India has no such conflict with Islam. It is prudent therefore to allow America to fight its own battles. If we try to be surrogates for them it is possible that we will feel cheated in the end.

There is an incident made famous by journalists who covered the Afghan jihad: how on a May evening in 1985 Sheikh Omar Abdullah Rehman, the blind Muslim cleric and one-time mentor of bin Laden, boarded a camouflaged truck at Peshawar to journey to a battle station near Jalalabad. Accompanying him among others was the chief Afghan resistance leader Gulbuddin Hekmatyar. They reached a sandbagged position on the crest of the hill fifty miles from Kabul at dawn. From below, in the valley, came the echo of crashing Soviet artillery. As Hekmatyar helped him with a flak jacket, Omar stood there on the crest weeping. After a few moments he turned towards Hekmatyar and said. "I have never asked Allah for anything, but I am under a great disadvantage now. If only Allah could give me eyes for a couple of years, or for a couple of hours, so that I could fight in this jihad!"

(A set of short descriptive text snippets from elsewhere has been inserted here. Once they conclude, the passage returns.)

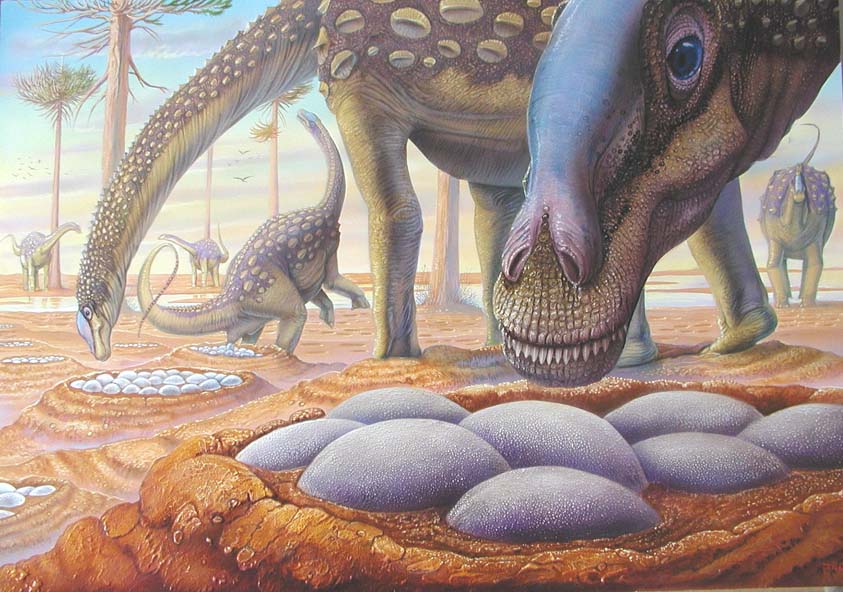 saltasaurus fossil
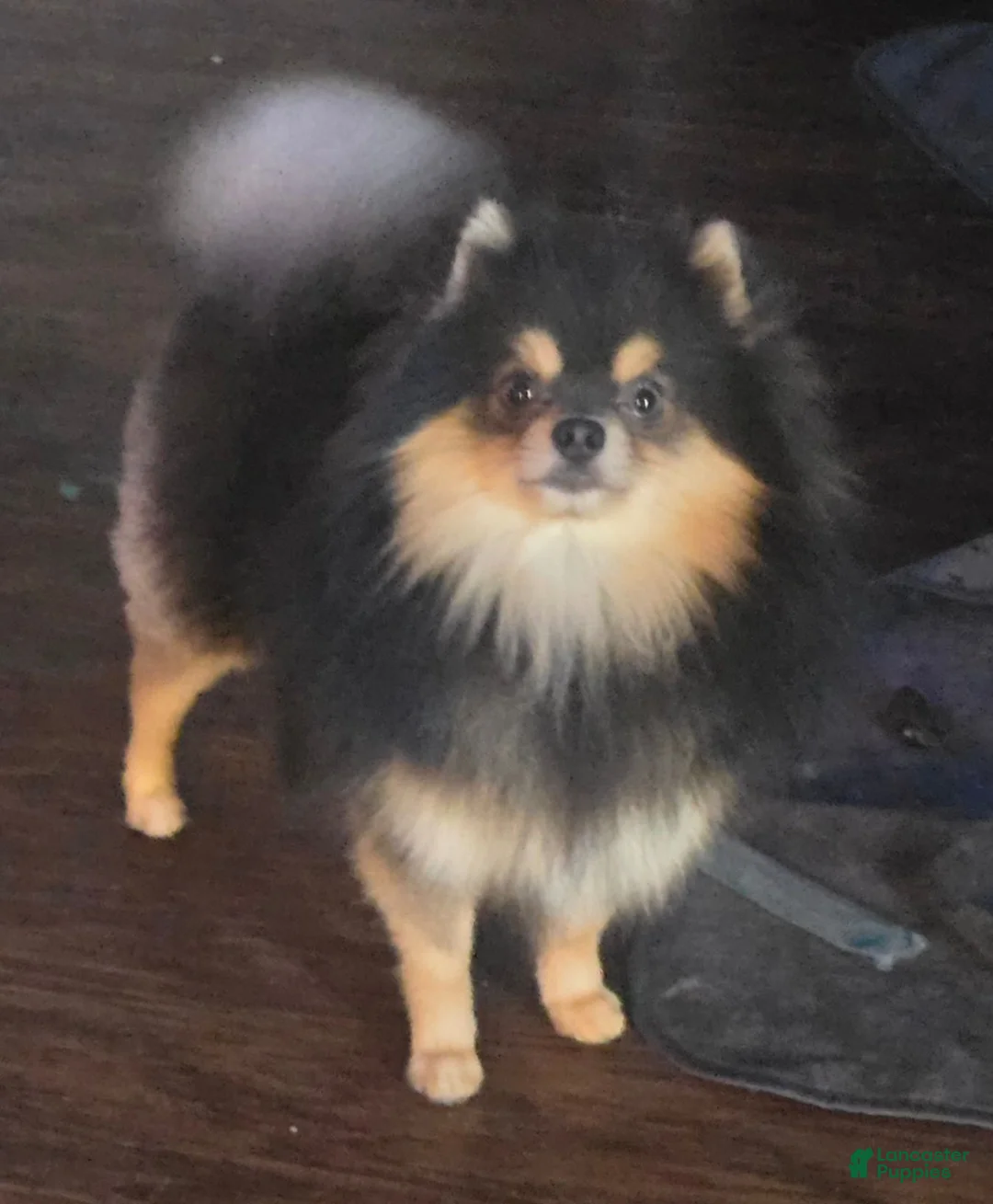 Pomeranian dogs for sale: Pomeranian 1 - Ad 7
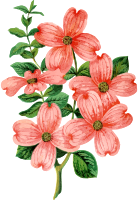 Dogwood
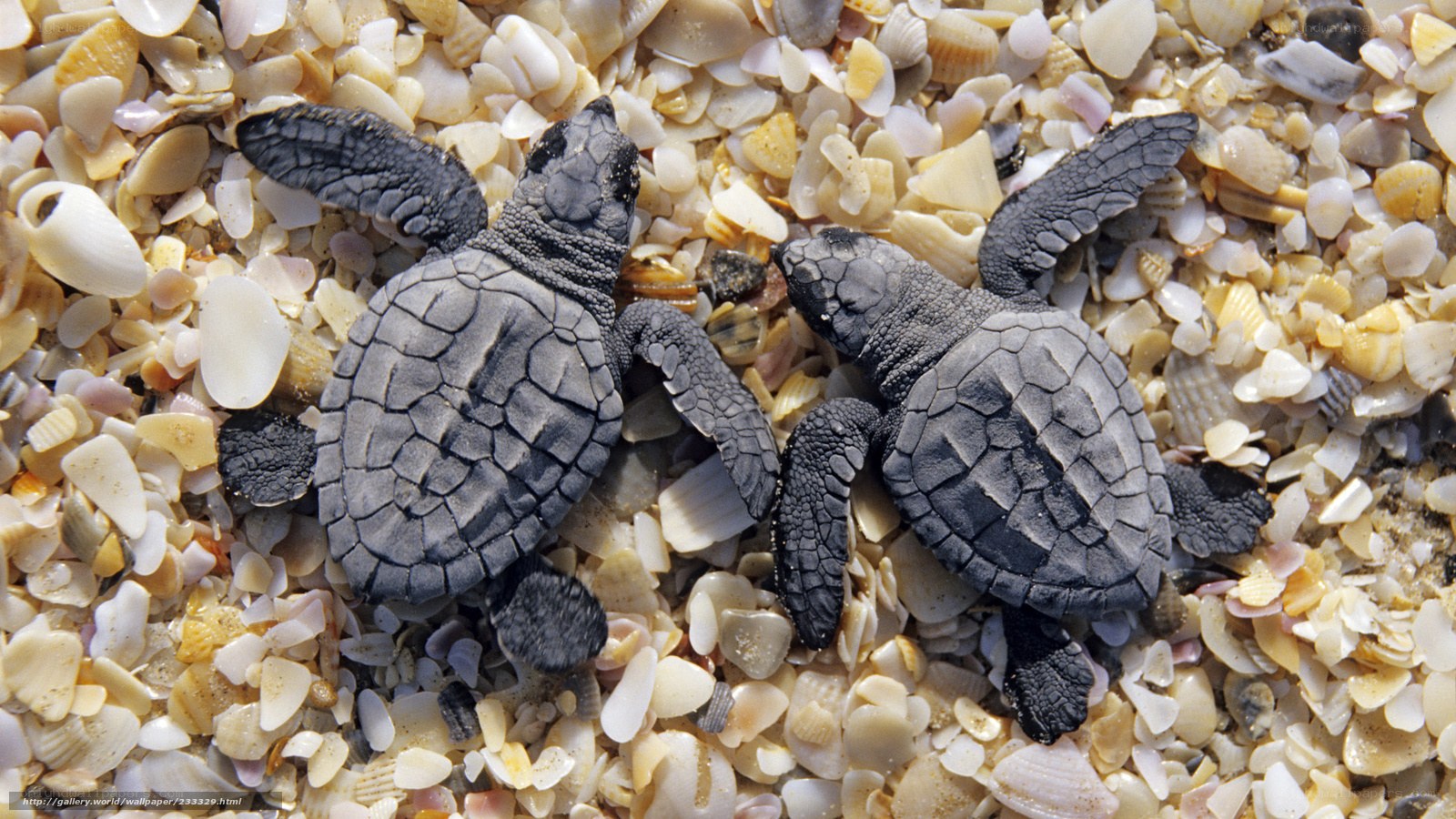 Two baby sea turtles on shell beach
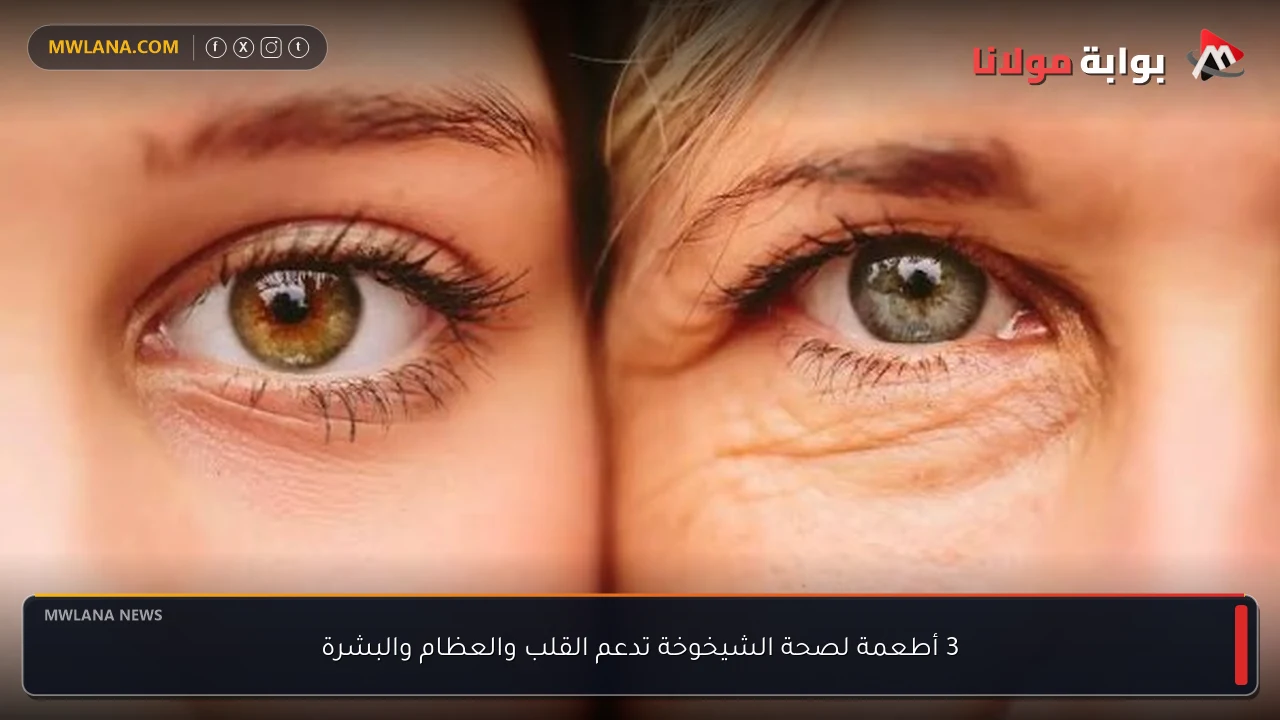 3 أطعمة لصحة الشيخوخة تدعم القلب والعظام والبشرة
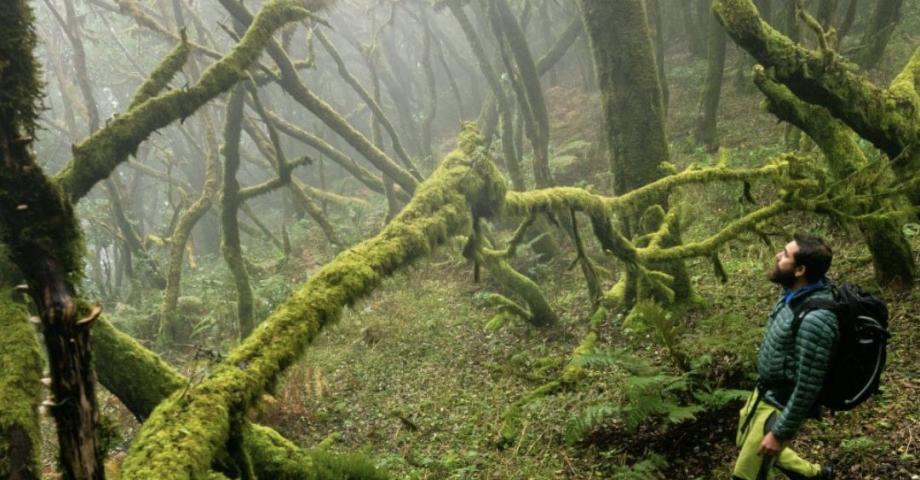 La Gomera llega a FITUR con una apuesta renovada para consolidarse en el mercado nacional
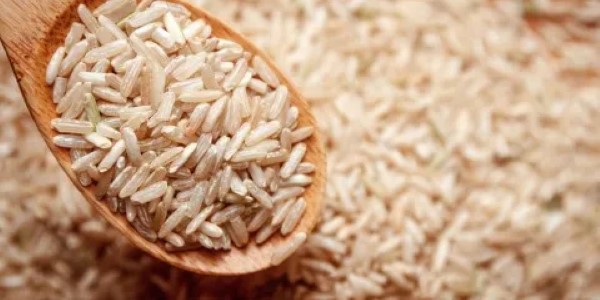 تصویر 2 از خرید و قیمت برنج قهوه ای کامفیروز + فروش عمده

The American Central Intelligence Agency gave 75 per cent of the funds and arms it pumped into Afghanistan to the group led by Omar and Hekmatyar. They in turn drove out the Soviets. Today, the 62-year-old Omar is in an American prison, serving a 110-year sentence for ''waging urban war against the United States. What led to this -- American duplicity, with its track record of using people especially from the third world as pawns, or something atavistic and sinister that makes Islamic militants unpredictable? Maybe, as always the truth lies somewhere in between and both parties are culpable.

But before we Indians -- whether the educated public or the policy makers -- make allusions, even casually, to the 'danger of Islam', let us at least ponder over this and many such histories.